For the record, when I set out to edit the first question you cite it had one comment asking that it be expanded, and no one had yet edited it. Seeing that it was a reasonable question, I obligingly edited it to clarify what I saw as the intent of the original author.

There's nothing wrong with this. Plenty of decent questions get asked on SO by people who, for numerous reasons (poor language skills are a big one), are unable to ask clear questions by themselves.

From the FAQ:

Like Wikipedia, this site is collaboratively edited. If you are not comfortable with the idea of your questions and answers being edited by other trusted users, this may not be the site for you.

Note that if the original author disagrees with any edit, he can roll it back with a single click... or edit the revision to correct any misconceptions on the part of the editor. IMHO, editors should therefore be zealous in their editing, striving to do as much as possible to create good questions - there's no danger that any information will be irretrievably lost in the process.

  • 1
    Was that post the victim of an edit conflict -- two editors hitting it simultaneously, and yours simply being the later one submitted?
    – John Rudy
    Sep 22, 2009 at 20:09
  • 3
    @John: yes. Actually, i think Welbog submitted his edit just a few seconds after i started working on mine... Would have been a good scenario for some sort of pop-up notification.
    – Shog9
    Sep 22, 2009 at 20:21

I think a general rule of thumb is: the worse off a question is, the more editing should be expected. If your question is very poor, extensive editing should be expected. If your question is reasonably well put-together, editing should be minimal.

The first example was really bad, and Shog9 made it intelligible. Sure it may feel like we are putting words in the OP's mouth, but that's because the OP didn't post enough information to make a judgment about his or her intent one way or the other. So it's fine.

The second question is not as bad, but these were clearly good-faith efforts to make the question more easily understood. Whether they succeeded or failed is a judgment call, but I see nothing wrong with the motivation of the edits.
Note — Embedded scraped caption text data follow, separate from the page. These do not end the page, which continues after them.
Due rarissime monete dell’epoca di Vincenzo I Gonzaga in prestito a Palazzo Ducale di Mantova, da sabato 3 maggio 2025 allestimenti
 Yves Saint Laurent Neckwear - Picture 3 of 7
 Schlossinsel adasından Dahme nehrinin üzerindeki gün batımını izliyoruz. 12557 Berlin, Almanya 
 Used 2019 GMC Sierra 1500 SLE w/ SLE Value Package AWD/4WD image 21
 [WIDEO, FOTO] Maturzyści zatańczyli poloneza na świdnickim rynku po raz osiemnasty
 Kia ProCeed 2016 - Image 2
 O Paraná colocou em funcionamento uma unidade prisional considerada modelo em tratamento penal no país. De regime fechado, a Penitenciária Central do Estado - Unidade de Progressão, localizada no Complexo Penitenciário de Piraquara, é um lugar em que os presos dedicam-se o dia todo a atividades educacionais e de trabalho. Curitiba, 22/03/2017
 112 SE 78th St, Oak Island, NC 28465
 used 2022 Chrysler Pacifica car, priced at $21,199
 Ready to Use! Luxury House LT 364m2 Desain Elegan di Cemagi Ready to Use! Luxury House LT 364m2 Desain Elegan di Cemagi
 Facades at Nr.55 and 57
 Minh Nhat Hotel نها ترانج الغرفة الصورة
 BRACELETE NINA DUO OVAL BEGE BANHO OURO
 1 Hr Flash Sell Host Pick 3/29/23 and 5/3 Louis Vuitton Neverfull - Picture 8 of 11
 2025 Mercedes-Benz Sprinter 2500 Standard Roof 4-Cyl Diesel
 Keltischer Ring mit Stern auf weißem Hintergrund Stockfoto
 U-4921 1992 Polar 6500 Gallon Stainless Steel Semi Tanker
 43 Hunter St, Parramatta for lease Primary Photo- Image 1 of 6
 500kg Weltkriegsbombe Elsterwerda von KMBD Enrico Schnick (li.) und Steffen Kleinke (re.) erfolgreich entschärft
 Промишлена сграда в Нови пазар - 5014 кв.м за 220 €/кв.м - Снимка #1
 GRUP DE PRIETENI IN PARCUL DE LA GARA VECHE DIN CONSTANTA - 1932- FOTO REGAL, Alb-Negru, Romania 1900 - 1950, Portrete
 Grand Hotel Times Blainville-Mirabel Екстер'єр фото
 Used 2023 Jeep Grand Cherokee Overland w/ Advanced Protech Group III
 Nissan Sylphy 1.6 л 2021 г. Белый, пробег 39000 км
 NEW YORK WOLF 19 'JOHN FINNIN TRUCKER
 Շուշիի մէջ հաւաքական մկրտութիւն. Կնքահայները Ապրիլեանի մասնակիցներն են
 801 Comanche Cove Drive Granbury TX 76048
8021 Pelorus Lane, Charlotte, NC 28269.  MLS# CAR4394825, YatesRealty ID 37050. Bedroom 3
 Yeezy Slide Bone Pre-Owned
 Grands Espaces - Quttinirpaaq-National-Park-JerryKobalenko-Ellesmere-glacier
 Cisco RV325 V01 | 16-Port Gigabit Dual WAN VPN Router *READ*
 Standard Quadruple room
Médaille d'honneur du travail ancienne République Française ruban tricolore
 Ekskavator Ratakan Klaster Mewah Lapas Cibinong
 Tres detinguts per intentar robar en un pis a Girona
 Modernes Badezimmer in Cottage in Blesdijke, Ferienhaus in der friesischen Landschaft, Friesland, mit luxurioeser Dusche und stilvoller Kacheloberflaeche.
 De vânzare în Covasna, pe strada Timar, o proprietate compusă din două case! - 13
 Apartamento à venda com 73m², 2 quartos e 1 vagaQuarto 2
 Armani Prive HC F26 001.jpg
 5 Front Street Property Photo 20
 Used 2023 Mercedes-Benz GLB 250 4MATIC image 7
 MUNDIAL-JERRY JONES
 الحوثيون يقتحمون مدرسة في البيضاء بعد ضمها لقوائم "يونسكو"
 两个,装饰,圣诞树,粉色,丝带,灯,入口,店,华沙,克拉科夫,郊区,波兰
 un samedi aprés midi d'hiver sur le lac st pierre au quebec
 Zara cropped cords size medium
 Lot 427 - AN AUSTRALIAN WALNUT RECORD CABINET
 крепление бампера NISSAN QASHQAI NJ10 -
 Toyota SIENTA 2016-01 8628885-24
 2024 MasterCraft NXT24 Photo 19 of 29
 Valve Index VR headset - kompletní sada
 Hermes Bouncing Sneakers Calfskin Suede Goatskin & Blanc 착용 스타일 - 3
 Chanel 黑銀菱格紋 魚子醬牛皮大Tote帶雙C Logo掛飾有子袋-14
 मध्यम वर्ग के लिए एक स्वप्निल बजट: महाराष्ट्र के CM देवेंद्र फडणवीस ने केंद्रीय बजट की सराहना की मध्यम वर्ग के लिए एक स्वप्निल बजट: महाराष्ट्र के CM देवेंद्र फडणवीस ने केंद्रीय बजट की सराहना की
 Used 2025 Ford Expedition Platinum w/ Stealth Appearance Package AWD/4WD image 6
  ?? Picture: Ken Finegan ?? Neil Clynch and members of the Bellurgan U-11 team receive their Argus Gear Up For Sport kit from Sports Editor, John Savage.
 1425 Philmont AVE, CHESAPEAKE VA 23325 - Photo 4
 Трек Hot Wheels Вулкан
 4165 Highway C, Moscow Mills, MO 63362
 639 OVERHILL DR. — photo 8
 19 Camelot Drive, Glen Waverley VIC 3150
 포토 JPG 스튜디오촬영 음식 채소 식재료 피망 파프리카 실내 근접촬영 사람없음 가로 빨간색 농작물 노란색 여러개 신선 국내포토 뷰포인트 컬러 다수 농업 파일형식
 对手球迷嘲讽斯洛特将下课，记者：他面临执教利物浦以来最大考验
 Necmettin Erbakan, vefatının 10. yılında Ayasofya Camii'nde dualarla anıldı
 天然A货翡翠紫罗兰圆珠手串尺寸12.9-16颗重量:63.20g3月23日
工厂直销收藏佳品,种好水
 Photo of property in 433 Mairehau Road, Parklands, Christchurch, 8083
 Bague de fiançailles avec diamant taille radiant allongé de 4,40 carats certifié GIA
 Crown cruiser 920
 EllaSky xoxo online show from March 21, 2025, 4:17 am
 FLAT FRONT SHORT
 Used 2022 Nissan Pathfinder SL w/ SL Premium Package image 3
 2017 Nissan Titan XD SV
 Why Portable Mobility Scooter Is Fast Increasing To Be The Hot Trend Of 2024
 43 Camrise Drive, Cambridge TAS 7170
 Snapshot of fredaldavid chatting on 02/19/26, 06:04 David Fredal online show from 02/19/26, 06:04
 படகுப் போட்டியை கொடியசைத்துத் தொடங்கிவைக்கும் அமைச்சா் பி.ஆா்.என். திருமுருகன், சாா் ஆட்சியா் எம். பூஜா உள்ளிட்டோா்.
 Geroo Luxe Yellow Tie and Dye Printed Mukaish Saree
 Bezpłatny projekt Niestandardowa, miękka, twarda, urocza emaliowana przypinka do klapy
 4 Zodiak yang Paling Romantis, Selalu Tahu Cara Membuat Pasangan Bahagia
Remember, the editors usually have nothing personally to gain from attempting to help bad questions become better. Sometimes they make edits that don't help, but that's okay, they're (for the most part) only human. Overall, the site benefits from their time and efforts.


If it triggers Community Wiki, its too much. :)

  • 1
    I am aware that this is not exactly what was asked, but is what I thought when I read the title.
    – perbert
    Sep 22, 2009 at 20:27

I try and edit as little as possible, instead focusing on spelling & grammar issues. However I know in some cases (such as your example) the whole question needs to be re-written. In these cases, I just try and rephrase the exact question using correct grammar. In this case, I would not have included the second question (Does it have any applications outside of the web?)


I should have looked at the question before I posted my answer. It appears to me as though Shog9 probably accidently overwrote Welbog's edit.

  • 1
    Regarding your edit: yes, I accidentally stepped on Welbog.
    – Shog9
    Sep 22, 2009 at 18:50
  • 4
    @Shog9: That's just so easy to do, seeing as how he's just a disembodied head. Sep 22, 2009 at 19:11
  • Shog, you accidentally the whole Welbog? Sep 22, 2009 at 19:34

I think the first went to far when it changed it from a straight-out question to one that showed a certain attitude (not a bad attitude, but one not expressed by the OP).

The second example should have put the PK in parentheses next to the ID.